Saturday, March 21, 2009
Abrams claims that the real impetus for First-Wave feminism was purely economic and political. I think she too strongly asserts this since each of these have more remote causes based in more fundamental areas such as culture, ideas and patterns of behavior. She actually seems to side with culture when later writing that "it was when 'the crust of patriarchy' began to crack from 1848 onwards" that organized feminism came about. Early feminists organized themselves through the release of statements (like the Quaker women's Declaration of Sentiment), political lobbying and protests. This process in turn assured greater women's rights as the women involved increased in oratory and written skill. They were successful in creating their own language and platform, from which they could activize on their own terms. Abrams also focuses on the relationship between socialism and First-Wave feminism, which was fruitful, but also split the feminist cause along class lines.
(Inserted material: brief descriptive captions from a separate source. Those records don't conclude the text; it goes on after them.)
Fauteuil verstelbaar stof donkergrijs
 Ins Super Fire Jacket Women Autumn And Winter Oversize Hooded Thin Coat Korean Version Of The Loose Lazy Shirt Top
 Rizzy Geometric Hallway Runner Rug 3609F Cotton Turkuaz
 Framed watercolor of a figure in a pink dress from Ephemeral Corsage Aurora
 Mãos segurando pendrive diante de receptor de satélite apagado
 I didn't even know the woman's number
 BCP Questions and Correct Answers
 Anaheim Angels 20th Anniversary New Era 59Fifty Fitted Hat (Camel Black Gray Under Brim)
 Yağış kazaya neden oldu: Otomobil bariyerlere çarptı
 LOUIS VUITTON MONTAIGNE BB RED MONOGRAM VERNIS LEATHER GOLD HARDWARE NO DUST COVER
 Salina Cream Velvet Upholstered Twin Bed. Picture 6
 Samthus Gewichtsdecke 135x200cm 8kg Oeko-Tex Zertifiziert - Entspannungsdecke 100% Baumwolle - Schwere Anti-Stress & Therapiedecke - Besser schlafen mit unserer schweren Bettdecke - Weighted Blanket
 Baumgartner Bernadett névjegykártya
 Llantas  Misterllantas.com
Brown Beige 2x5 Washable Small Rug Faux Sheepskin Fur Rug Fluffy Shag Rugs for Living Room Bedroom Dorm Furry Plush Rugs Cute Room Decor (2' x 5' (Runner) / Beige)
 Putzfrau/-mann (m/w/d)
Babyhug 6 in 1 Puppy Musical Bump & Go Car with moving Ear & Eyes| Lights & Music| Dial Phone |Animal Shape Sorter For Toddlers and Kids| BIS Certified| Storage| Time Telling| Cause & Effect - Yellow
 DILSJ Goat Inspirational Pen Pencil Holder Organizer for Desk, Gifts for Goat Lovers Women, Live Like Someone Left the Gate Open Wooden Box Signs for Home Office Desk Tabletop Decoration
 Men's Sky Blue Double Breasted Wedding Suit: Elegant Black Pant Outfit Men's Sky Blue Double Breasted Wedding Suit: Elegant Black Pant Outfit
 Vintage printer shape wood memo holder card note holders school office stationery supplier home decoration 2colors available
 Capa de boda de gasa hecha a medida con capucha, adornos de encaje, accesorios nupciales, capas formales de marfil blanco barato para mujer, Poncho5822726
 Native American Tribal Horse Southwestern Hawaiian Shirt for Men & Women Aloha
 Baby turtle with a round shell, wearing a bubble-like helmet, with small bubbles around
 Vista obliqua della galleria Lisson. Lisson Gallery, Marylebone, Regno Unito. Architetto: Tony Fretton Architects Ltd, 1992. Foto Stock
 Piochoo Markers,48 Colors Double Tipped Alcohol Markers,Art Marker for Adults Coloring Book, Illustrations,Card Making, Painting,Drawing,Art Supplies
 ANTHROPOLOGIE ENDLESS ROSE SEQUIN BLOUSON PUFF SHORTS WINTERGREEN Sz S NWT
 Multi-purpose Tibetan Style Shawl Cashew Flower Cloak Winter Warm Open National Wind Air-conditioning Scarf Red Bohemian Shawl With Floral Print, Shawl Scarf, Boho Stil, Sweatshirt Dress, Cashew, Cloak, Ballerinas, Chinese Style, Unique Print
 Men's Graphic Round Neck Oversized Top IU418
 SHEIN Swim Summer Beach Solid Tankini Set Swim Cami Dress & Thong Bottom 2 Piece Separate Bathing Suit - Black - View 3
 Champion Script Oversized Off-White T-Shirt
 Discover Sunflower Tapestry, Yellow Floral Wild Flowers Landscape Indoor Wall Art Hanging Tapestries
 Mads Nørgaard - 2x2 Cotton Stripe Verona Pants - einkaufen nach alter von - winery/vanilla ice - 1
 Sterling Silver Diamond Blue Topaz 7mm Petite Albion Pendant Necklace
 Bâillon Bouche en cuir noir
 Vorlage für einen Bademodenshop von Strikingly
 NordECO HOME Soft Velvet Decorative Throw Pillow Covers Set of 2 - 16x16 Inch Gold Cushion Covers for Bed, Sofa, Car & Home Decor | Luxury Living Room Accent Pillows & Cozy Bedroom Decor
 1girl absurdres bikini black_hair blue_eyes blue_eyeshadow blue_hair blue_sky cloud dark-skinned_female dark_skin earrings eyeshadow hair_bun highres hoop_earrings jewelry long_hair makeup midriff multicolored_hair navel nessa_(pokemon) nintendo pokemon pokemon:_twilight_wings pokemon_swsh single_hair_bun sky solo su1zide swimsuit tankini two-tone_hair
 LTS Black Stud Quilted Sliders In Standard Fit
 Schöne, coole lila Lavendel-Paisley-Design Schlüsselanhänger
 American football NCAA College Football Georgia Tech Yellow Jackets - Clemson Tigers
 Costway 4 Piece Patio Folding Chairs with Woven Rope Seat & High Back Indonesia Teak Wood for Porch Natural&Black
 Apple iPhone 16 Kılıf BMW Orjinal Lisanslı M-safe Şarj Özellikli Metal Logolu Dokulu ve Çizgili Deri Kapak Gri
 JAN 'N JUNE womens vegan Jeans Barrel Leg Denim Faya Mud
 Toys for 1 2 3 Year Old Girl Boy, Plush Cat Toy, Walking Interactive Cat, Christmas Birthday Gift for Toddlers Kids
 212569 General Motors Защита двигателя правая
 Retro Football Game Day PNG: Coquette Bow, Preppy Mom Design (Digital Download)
This chapter focuses on how conceptions of masculinity drove British imperialism in the period from 1880-1900. Professor Tosh asserts that "empire was man's business" in a literal sense. This is true in two ways. First, empire's "acquisition and control depended disproportionately on the energy and ruthlessness of me," and second, "its place in the popular imagination was mediated through literary and visual images which consistently emphasized positive male attributes." Since the chapter uses many examples of the effects of the man-making empire on labor patterns and also class considerations, I include this reading under the themes of gender, categories of difference (certain classes were more affected by the imperial propaganda program), and employment and work.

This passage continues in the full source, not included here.